-- GOAL OF THE EXERCISE --
All pictures should be dropped, and only the lines from the top of the entries below through the line containing "Rustic Rose - Private Premium house" repeated exactly, both ends included.

Extracted data entries:

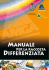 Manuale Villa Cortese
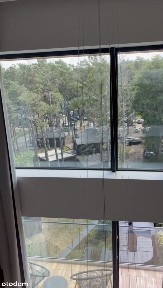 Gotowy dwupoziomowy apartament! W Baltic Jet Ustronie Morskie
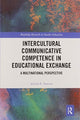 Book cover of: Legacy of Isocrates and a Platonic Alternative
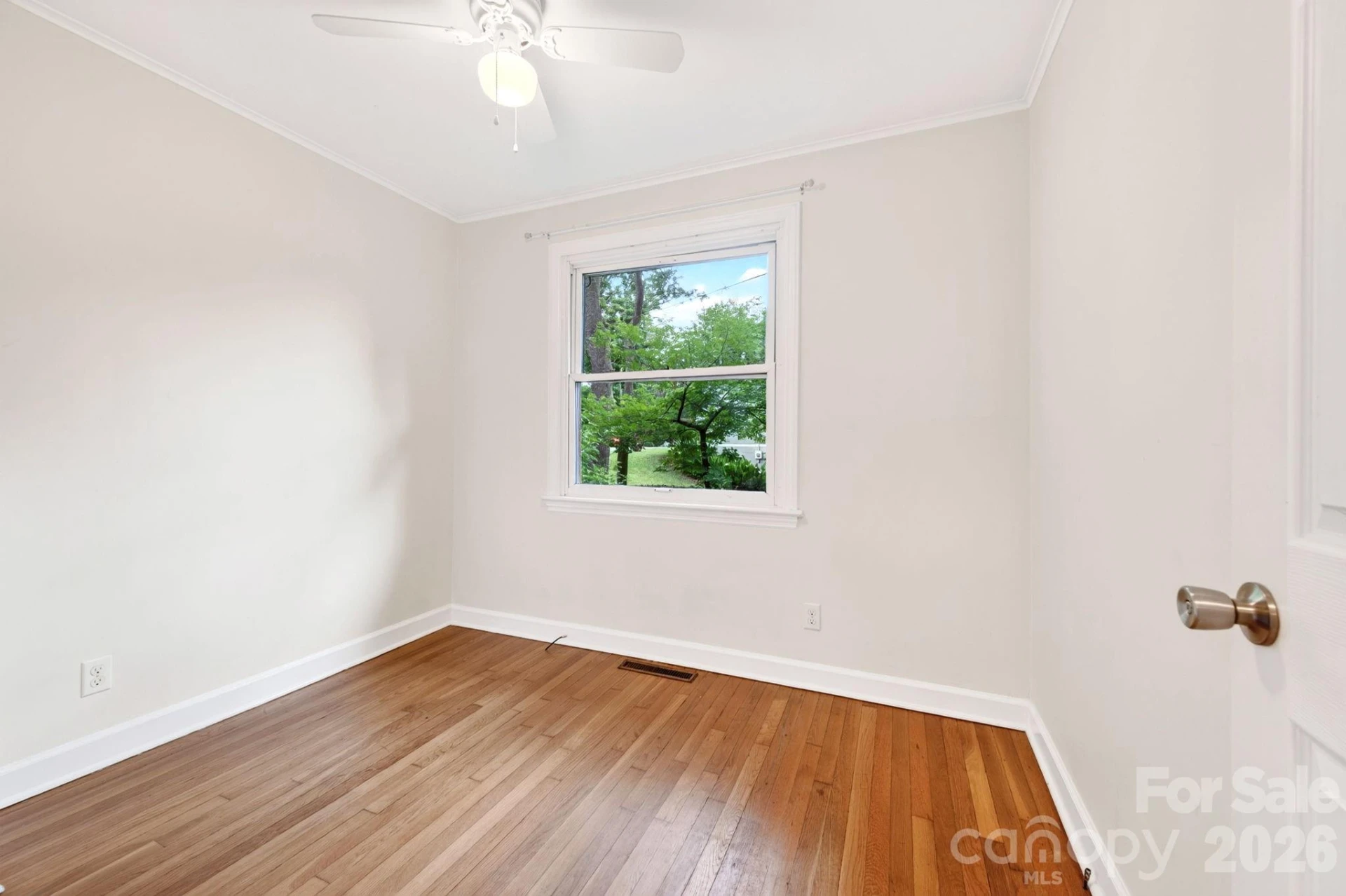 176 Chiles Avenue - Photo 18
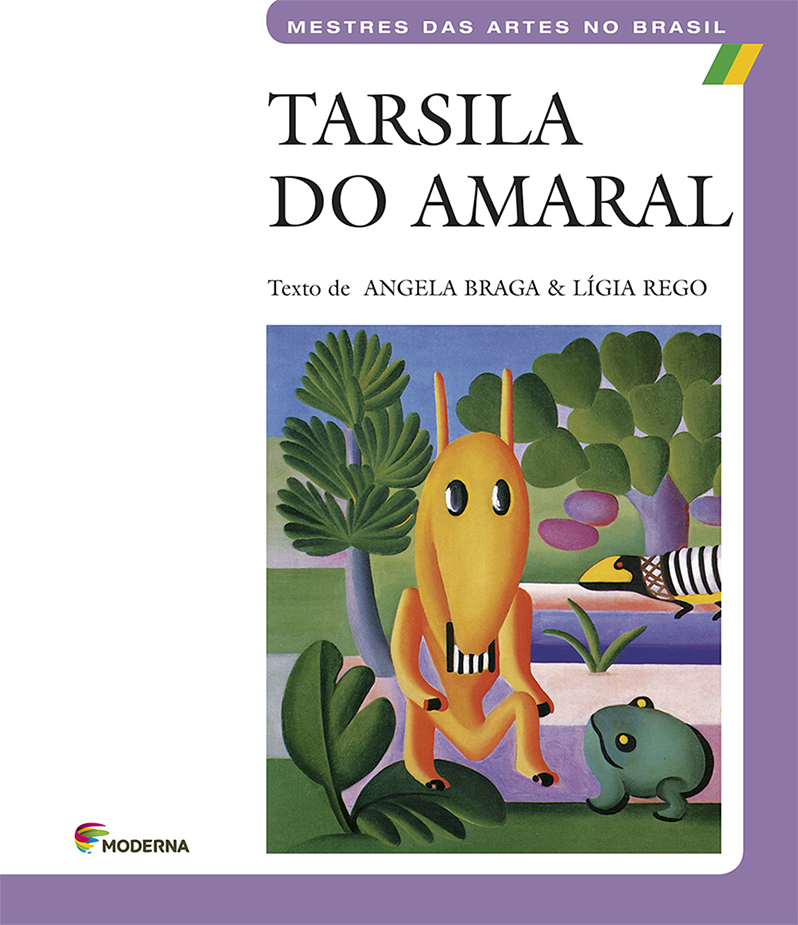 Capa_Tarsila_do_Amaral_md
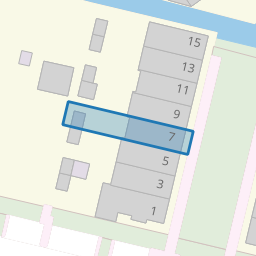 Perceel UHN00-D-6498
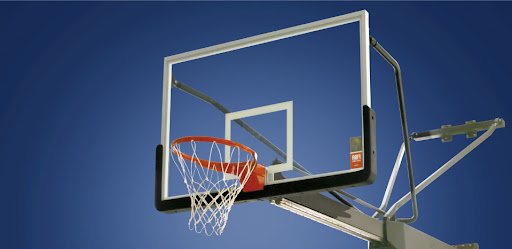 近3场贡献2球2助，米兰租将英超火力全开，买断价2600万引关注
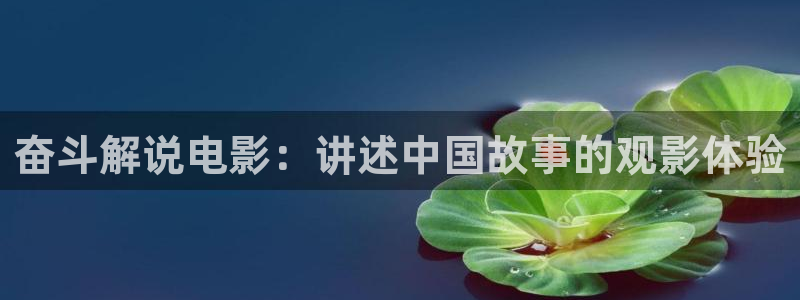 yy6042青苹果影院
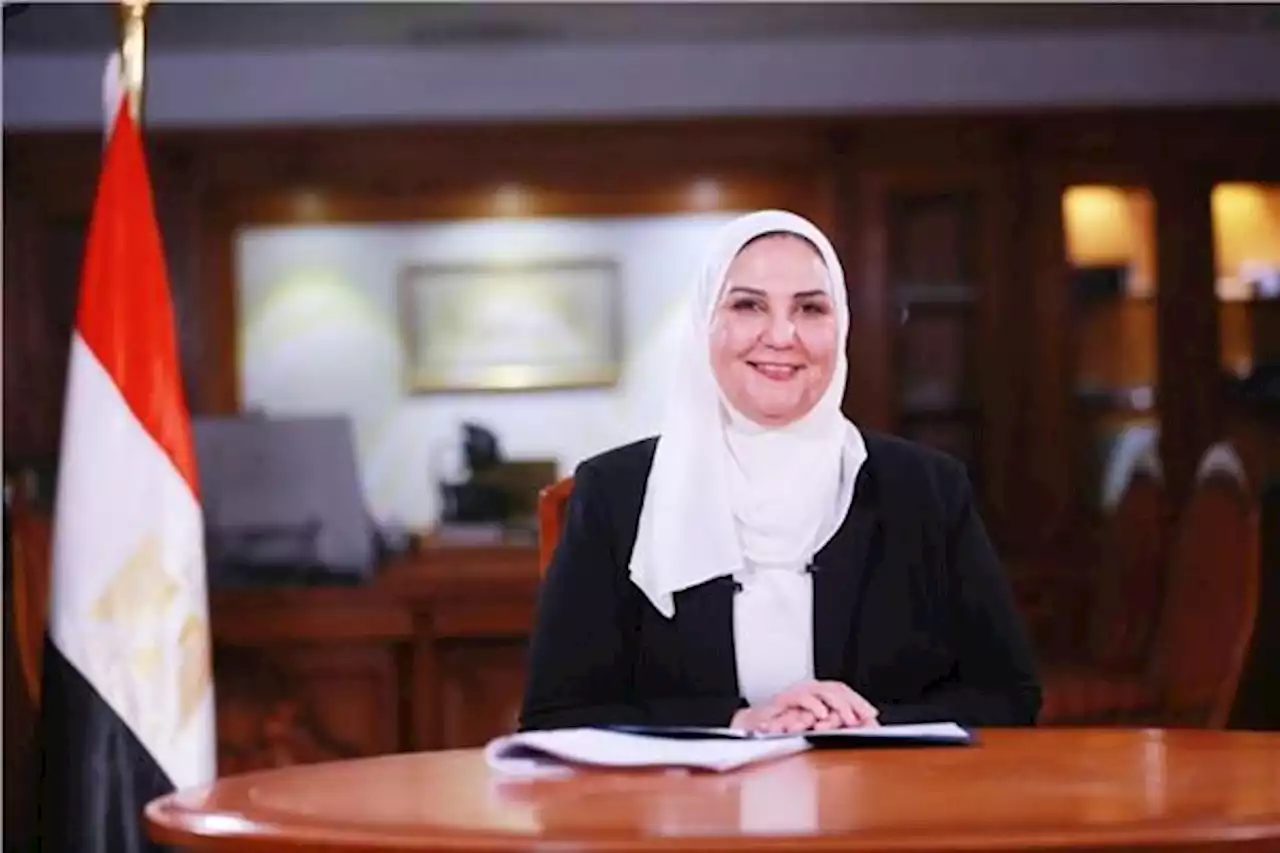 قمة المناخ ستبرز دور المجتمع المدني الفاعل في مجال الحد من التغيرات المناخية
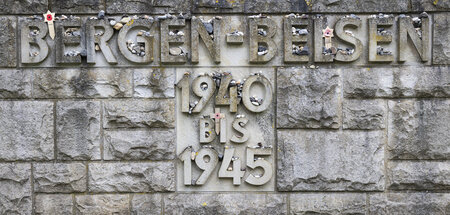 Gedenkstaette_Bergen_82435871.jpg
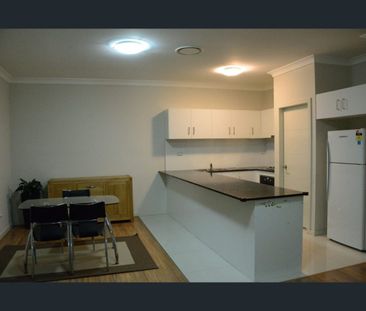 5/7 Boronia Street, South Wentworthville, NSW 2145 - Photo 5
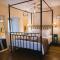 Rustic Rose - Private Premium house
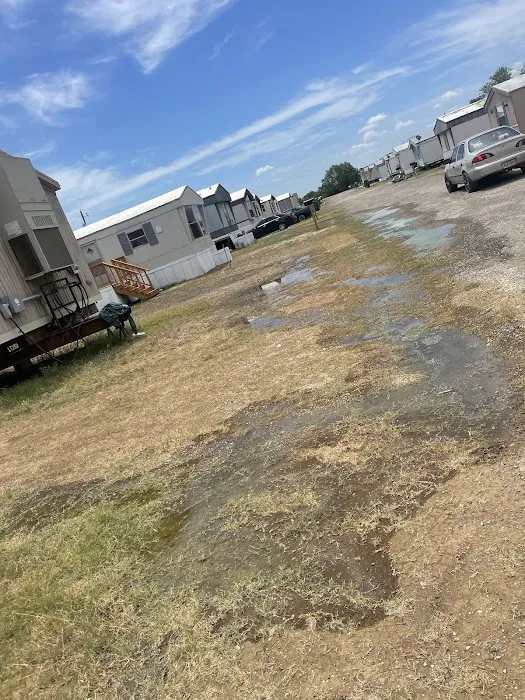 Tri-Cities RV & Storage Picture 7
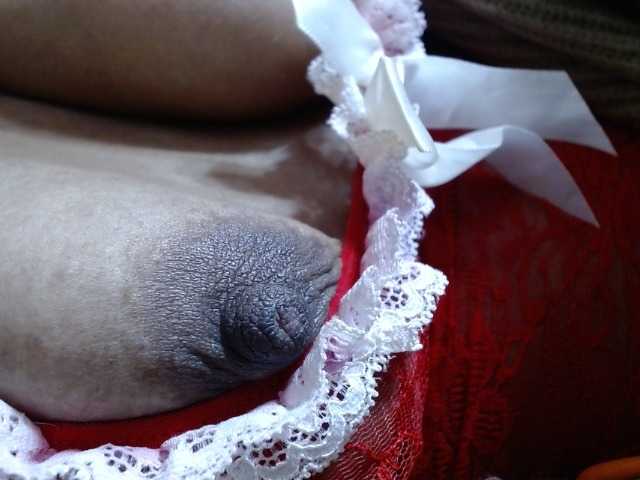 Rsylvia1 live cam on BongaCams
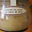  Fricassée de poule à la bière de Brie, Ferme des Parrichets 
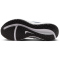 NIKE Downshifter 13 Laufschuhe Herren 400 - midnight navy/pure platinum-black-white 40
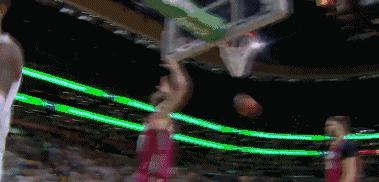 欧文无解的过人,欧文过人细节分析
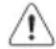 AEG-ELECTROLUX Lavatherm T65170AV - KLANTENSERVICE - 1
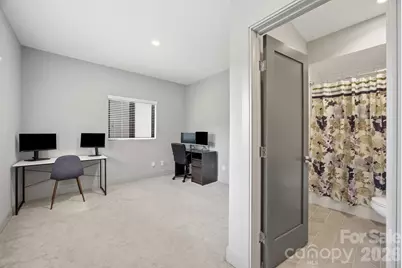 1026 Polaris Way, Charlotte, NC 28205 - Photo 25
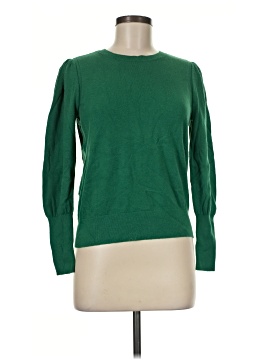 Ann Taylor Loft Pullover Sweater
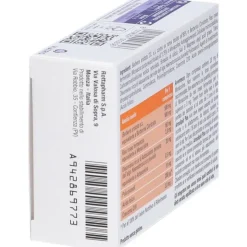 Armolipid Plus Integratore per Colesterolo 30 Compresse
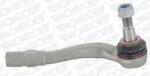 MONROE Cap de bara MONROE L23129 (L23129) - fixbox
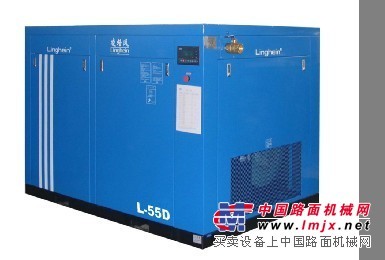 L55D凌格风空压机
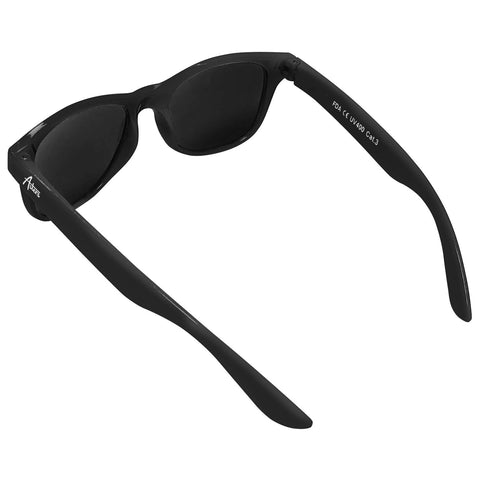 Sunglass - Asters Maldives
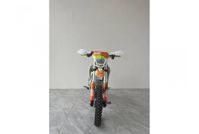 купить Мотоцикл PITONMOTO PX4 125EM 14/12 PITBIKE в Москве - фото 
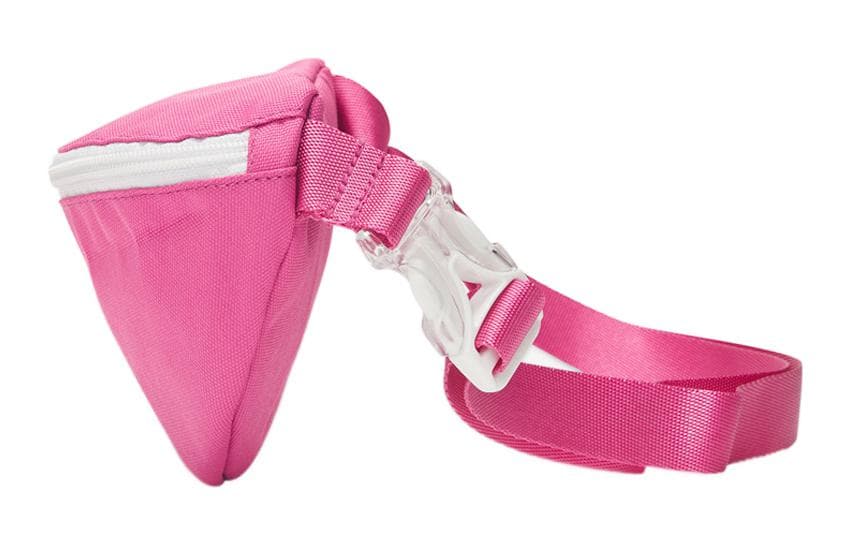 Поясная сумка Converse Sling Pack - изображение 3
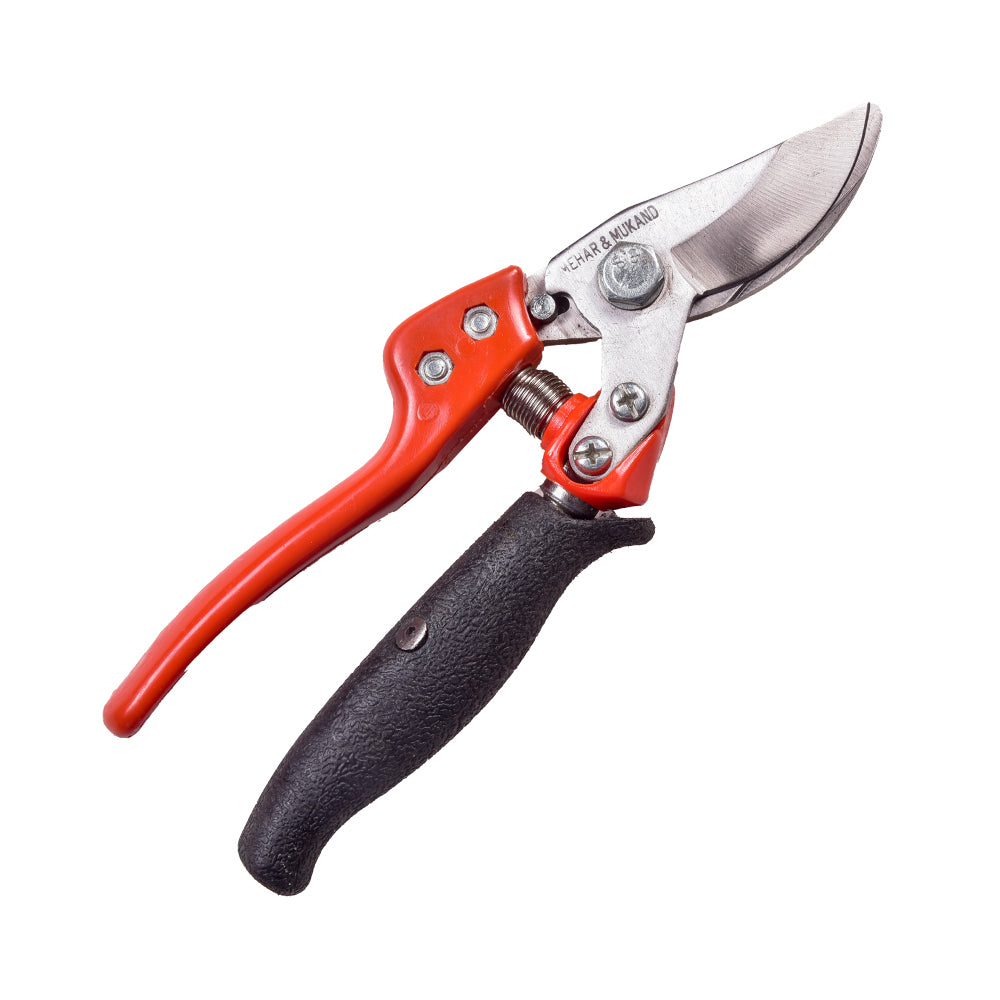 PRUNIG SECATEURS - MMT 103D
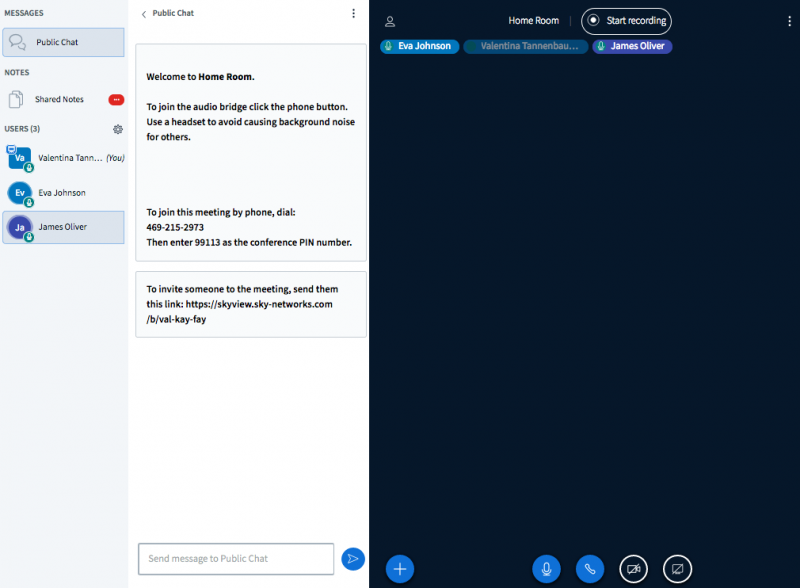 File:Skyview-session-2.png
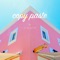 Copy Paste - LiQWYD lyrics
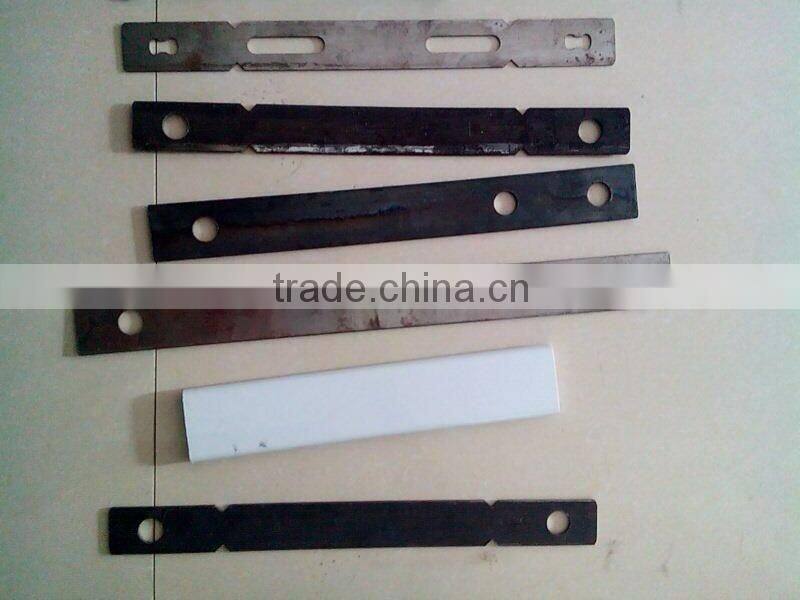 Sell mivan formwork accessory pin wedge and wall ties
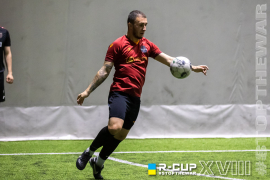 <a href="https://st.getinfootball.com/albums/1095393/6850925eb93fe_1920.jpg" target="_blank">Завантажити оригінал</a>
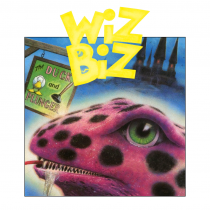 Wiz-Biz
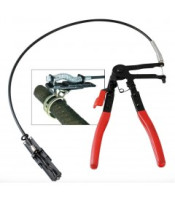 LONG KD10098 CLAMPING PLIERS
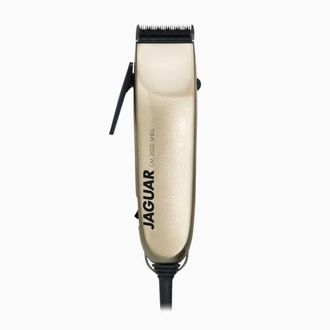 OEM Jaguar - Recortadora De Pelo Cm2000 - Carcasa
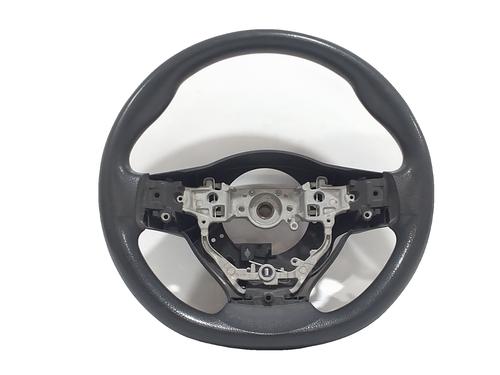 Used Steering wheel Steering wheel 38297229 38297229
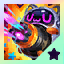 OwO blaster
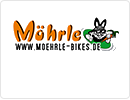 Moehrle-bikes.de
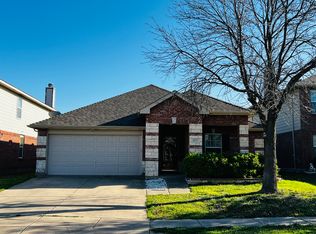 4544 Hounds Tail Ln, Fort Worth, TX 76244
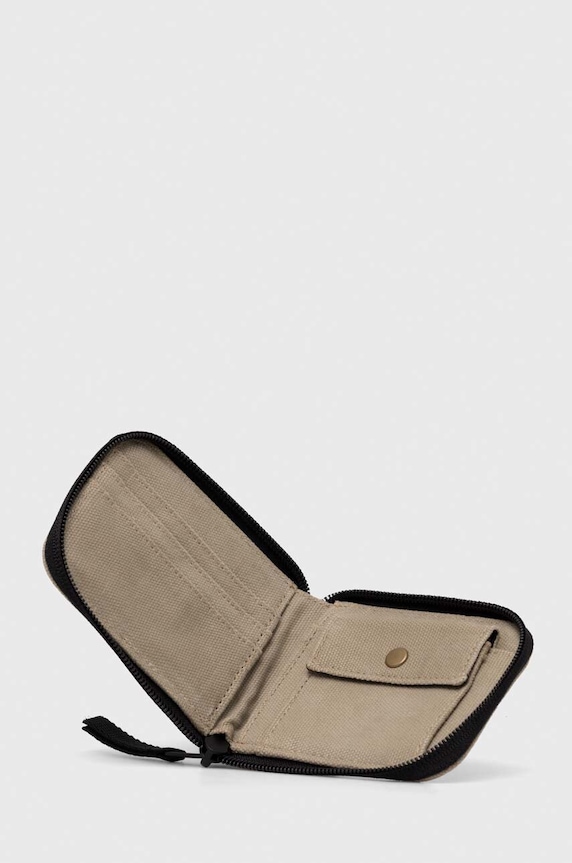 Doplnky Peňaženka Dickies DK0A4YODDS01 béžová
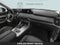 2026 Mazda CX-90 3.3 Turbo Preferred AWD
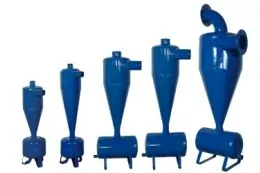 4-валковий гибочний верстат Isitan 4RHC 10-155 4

-- RESULT FOR THIS EXERCISE --
 Manuale Villa Cortese
 Gotowy dwupoziomowy apartament! W Baltic Jet Ustronie Morskie
 Book cover of: Legacy of Isocrates and a Platonic Alternative
 176 Chiles Avenue - Photo 18
 Capa_Tarsila_do_Amaral_md
 Perceel UHN00-D-6498
 近3场贡献2球2助，米兰租将英超火力全开，买断价2600万引关注
 yy6042青苹果影院
 قمة المناخ ستبرز دور المجتمع المدني الفاعل في مجال الحد من التغيرات المناخية
 Gedenkstaette_Bergen_82435871.jpg
 5/7 Boronia Street, South Wentworthville, NSW 2145 - Photo 5
 Rustic Rose - Private Premium house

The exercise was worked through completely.